The massive 'light' concrete roof finally performs well enough to be built!! After much iteration of curvature, height and sectional sizes, it was wonderful to see all the hoope forces acting in the structure. The maximum deflection achieved now, 316mm, is within the permissible limits for such a large span structure. The stresses are also well under control.


As u can see all the compressive stresses gradually increase towards a maximum towards the 'inner hoope'




The first image above shows the roof with a more elliptical inner ring, which resulted in a deflection of 850mm, after raising the height of the roof from 7m to 12m. A slight change in geometry, as suggested by Andrew, to make the inner ring as close to a circle as possible, and also a slight change in curvature, reduced the deflection to just 316mm. What a drastic change in deflection by only a small modification in geometry!!

Daylight on ground floor and floorplans




As you can see, the different dwellings on the ground floor have different lightsituations. It is important that the dwellings make as much use as possible of the potential daylight in their area. In order to achieve that, our strategy is to cluster the dark functions in a box. This box can be placed in the dark spots. The living room will then always be in the lighter area.

Thursday, March 24, 2011

pseudo optimizing

After deciding on doing a more ´geometrical´ optimization, it was more easy to get some geometry with pretty good results in the daylight analysis. The first and second floors are added by trying to achieve as much overlap on the floor beneath as possible. In this image you see the projection of the 3rd floor on the 2nd floor. It is optimized, so there is as little overhang as possible with the given grids.


The geometry (including windows to the southside):




Tuesday, March 22, 2011

Leaving Ecotect

Another strategy would be to seek for configurations that have as much connection with open space as possible. In other words: minimize the amount of blind walls.
For one island, this goes like this:
Unable to display content. Adobe Flash is required.

Without the streets taken into account (I acknowledge this is an err, but i need to figure out a way to 'discount' the walls facing a street, because the streets are so small that they block out a significant amount of daylight) it looks like this:


As you can see, Galapagos is more or less able to seek in the good direction. It generates better options as you let it run longer.
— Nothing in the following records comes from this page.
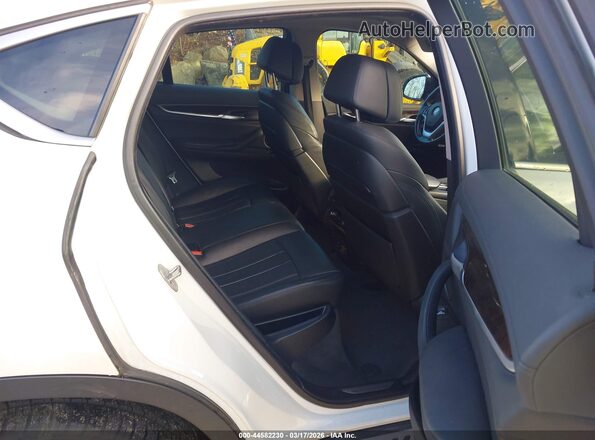 5UXKU2C57G0N79142 2016 BMW X6 White Widok naklejki z numerem VIN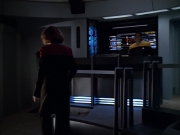 extant_StarTrek_VOY_5x07-InfiniteRegress_01716.jpg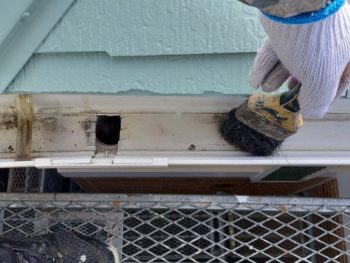 横浜市金沢区N様邸UVプロテクト4Fクリヤー外壁塗装後軒樋清掃作業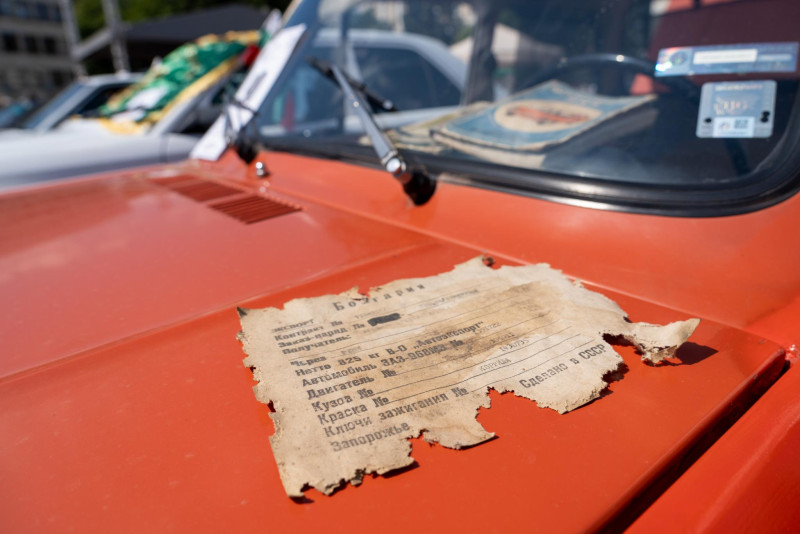 Снимка за 140 класически машини  на Парад на ретро автомо...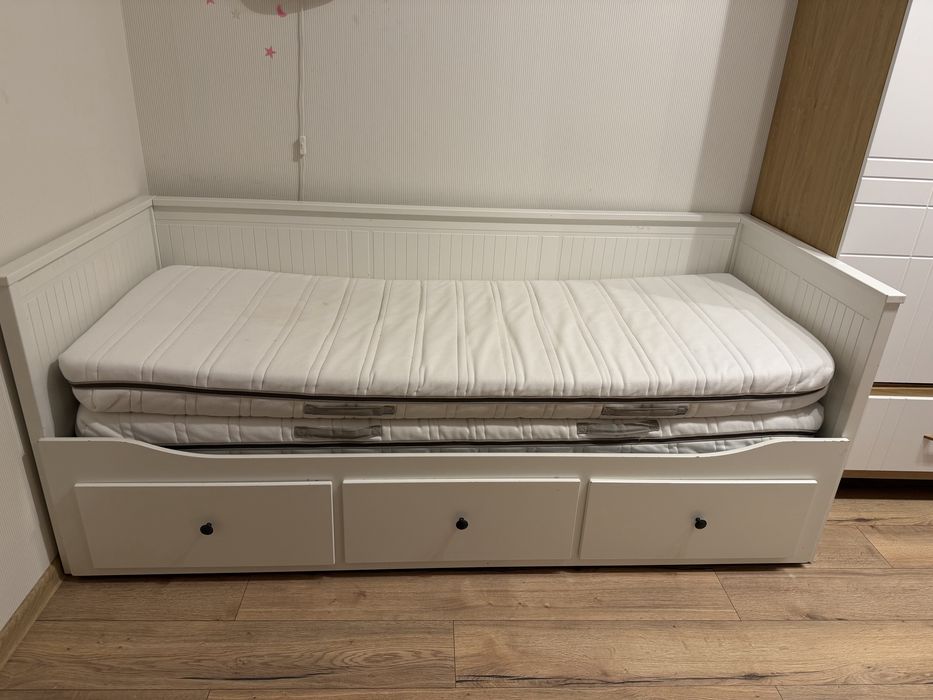 Łóżko Hemnes + dwa materace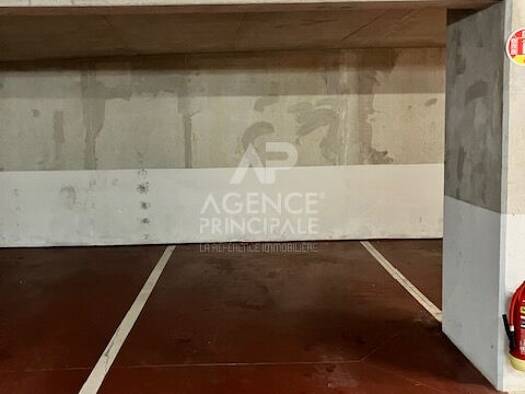 Parking à louer 83,71 € Saint Léger-Fourqueux Saint-Germain-en-Laye 78100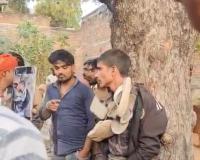 प्रेम विवाह करने पर युवक काे पेड़ से बांधकर पीटा, जूतों-चप्पलों की माला पहनाकर किया अपमान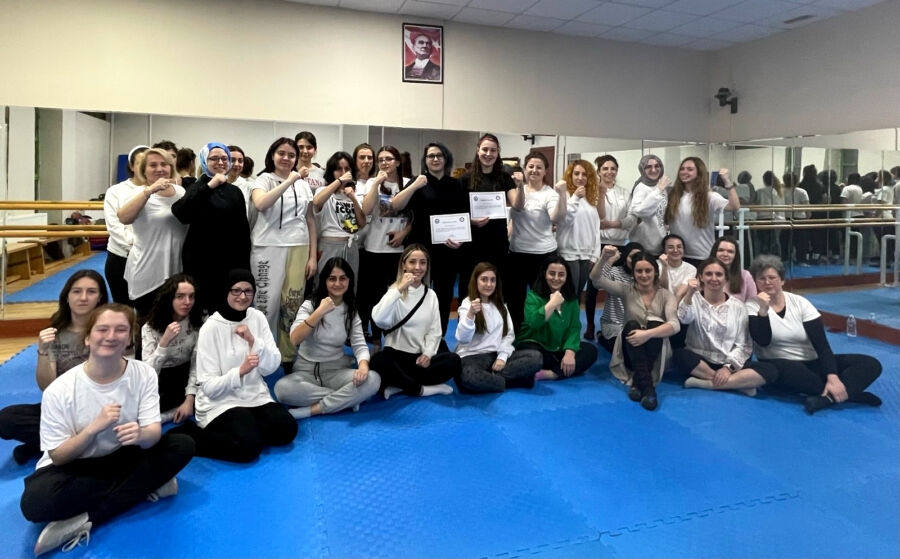  Eskişehir’de Kadınlara Şiddete Karşı Savunma Eğitimi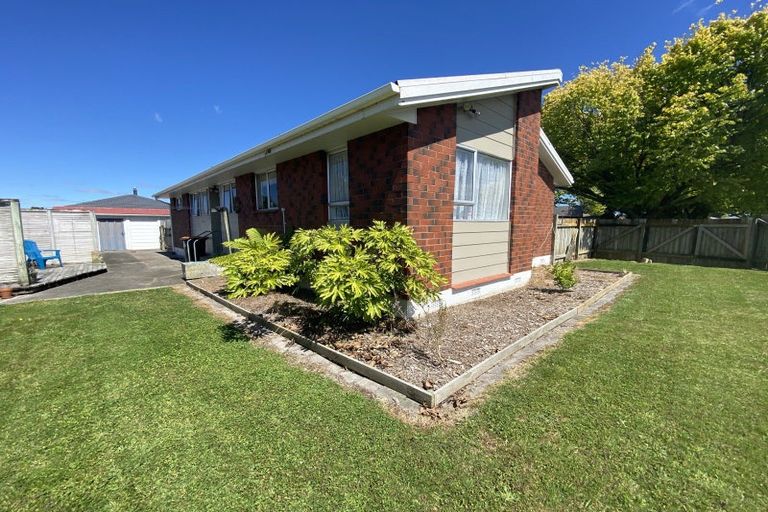 Photo of property in 11 Otaki Place, Westbrook, Palmerston North, 4412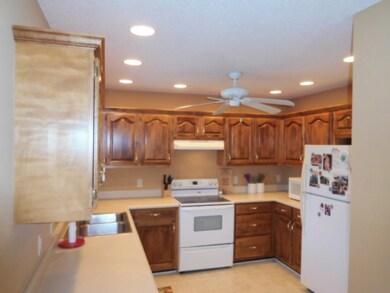 1664 Farley Dr, Tunnel Hill, GA 30755 - photo 2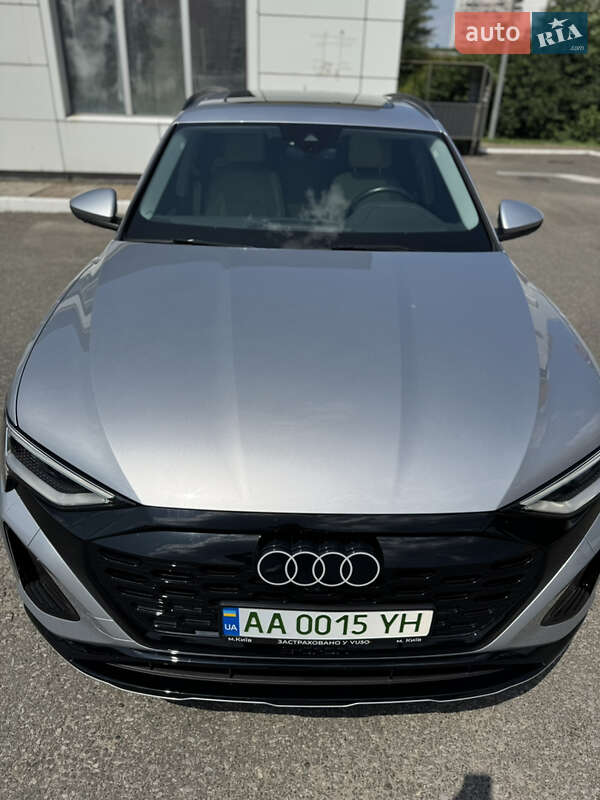 Внедорожник / Кроссовер Audi e-tron 2020 в Киеве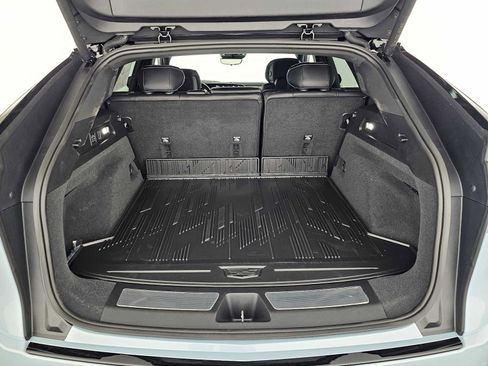 New 2026 Cadillac Lyriq V image 15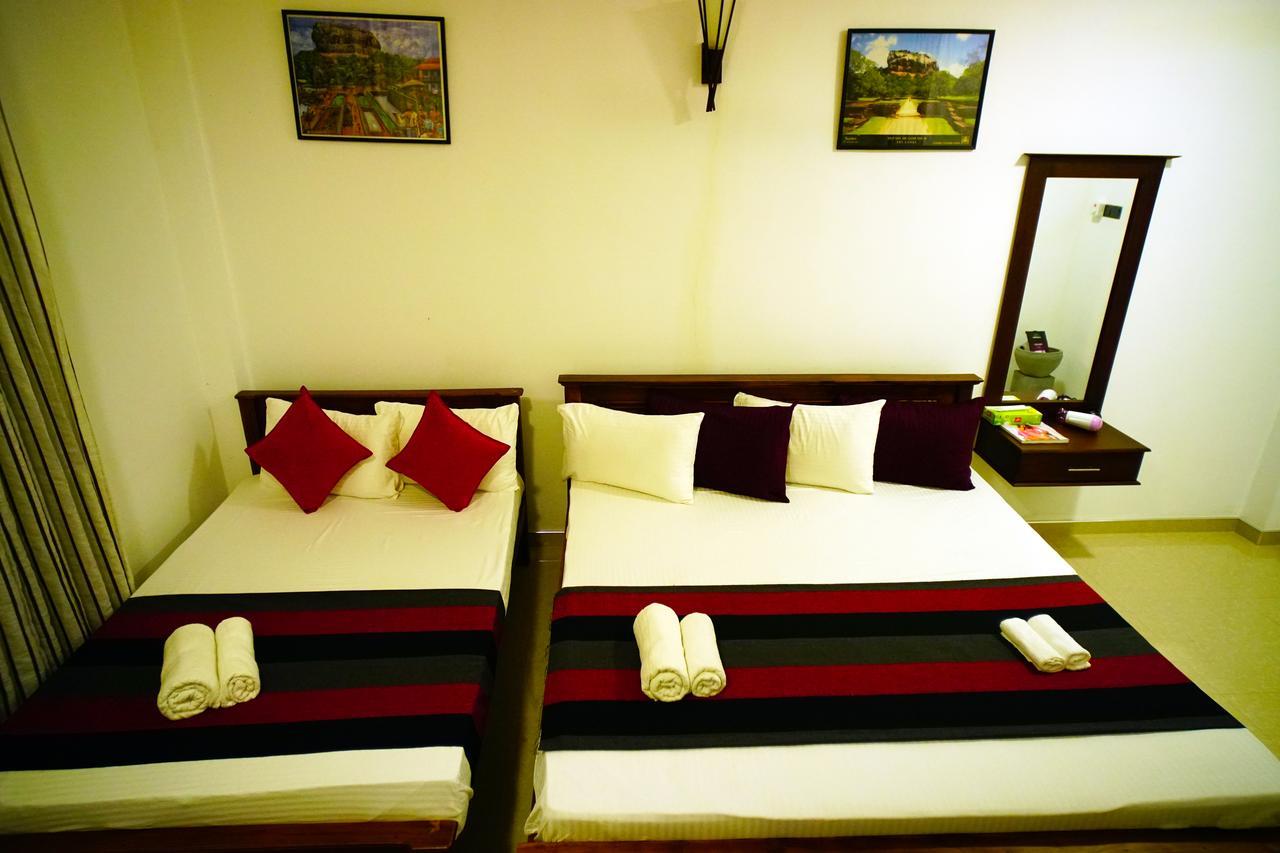 Airport 4 Season Transit Hotel Katunayaka Dış mekan fotoğraf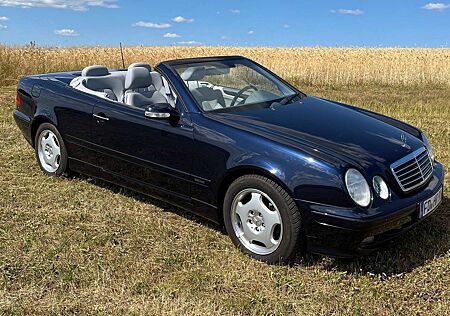 Mercedes-Benz CLK 200 CLK-Klasse Cabrio Kompressor Elegance final editio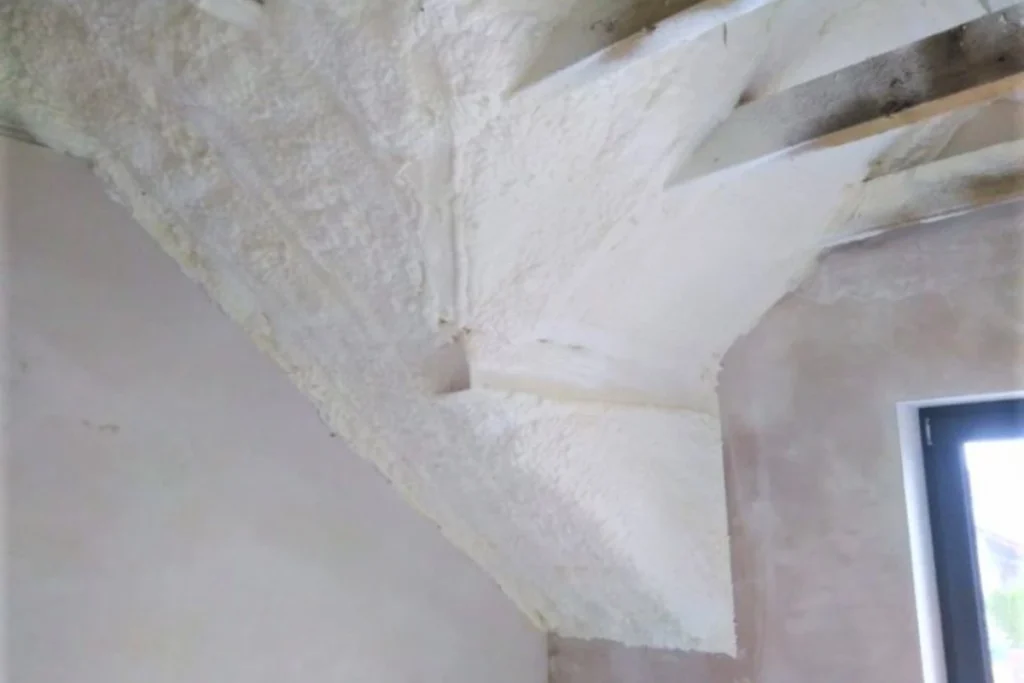 Insulating the attic without bridges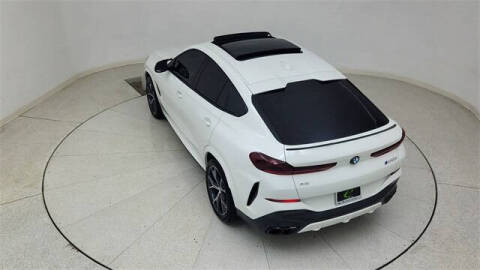 2026 BMW X6 M60i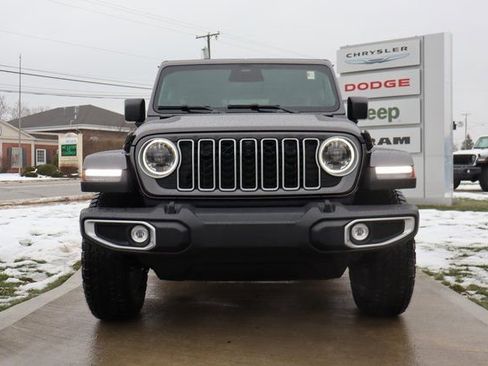 New 2026 Jeep Wrangler Unlimited Sahara AWD/4WD image 5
This is the merit of the 'progressive seek algorithm'. Its very satisfying to see that it actually works.


And with the streets added and a quick daylightfactor calculation:



the result is not optimal, in a sense that there are other configurations that have a better ecotect daylight result. But still it is a good option, that follows from common sense.

Galapagos-Ecotect

I have a Celeron Dual Core T3000 1,8 GHz and 3 gig ram. This is way too slow too handle the optimisation of the flat part. The calculation of ecotect is quite heavy and requires more power. Our ´progressive seek algorithm´ does not have much impact on the results, because the population-size is too small. But we cant make it higher because the calculation-time would become too high. Days or even weeks.


Unable to display content. Adobe Flash is required. Here is an movie of the seekingprocess of only 4 of the 16 'islands'. It is speedened up 9 times (!). so the real proces took half an hour.

As you can see the population-size is low, and the optimum it finds is a clustering of dwellings. This is not the optimal solution, we can tell by common sense. Also earlier calculation with a higher ecotect-grid resolution, show that the optimal configuration for 2 of the blocks is this:

Compared to the optimum of the movie, this looks like its more optimal: more light enters the built space, because there are more surfaces facing open space. This shows that, with a high resolution grid and a bigger population size, the optimization works. But we lack the computational power to do the calculation...which is a shame. The bottleneck is the slow calculation of ecotect. Which is really frustrating.

Daylight analysis

To analyze the amount of daylight in the cavity, we calculated the model in DIALux. These results however were very much too high, when some research didn't solve the problem we decided to do the calculations in Ecotect. The first result looks realistic and promising. More results will follow.